* COLLECTED MATERIAL *
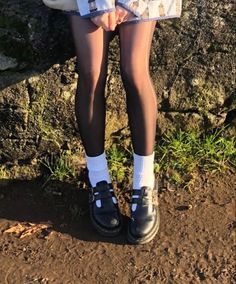 8065 Mary Jane Outfit, 8065 Dr Martens Outfit, Socks Aesthetic Outfit, Doc Marten Mary Janes, Warmer Outfits, Leg Warmer Outfits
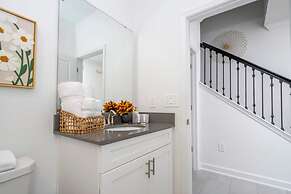 4Bd Private Pool w Free Waterpark Close Disney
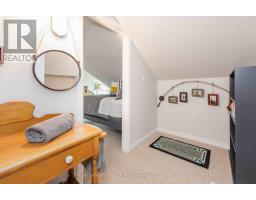 9 MOUNTVIEW AVENUE - 24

* YOUR INSTRUCTIONS *
Please output the material above again, exactly, and omit every image.

* OUTPUT OF THE EXERCISE *
 8065 Mary Jane Outfit, 8065 Dr Martens Outfit, Socks Aesthetic Outfit, Doc Marten Mary Janes, Warmer Outfits, Leg Warmer Outfits
 4Bd Private Pool w Free Waterpark Close Disney
 9 MOUNTVIEW AVENUE - 24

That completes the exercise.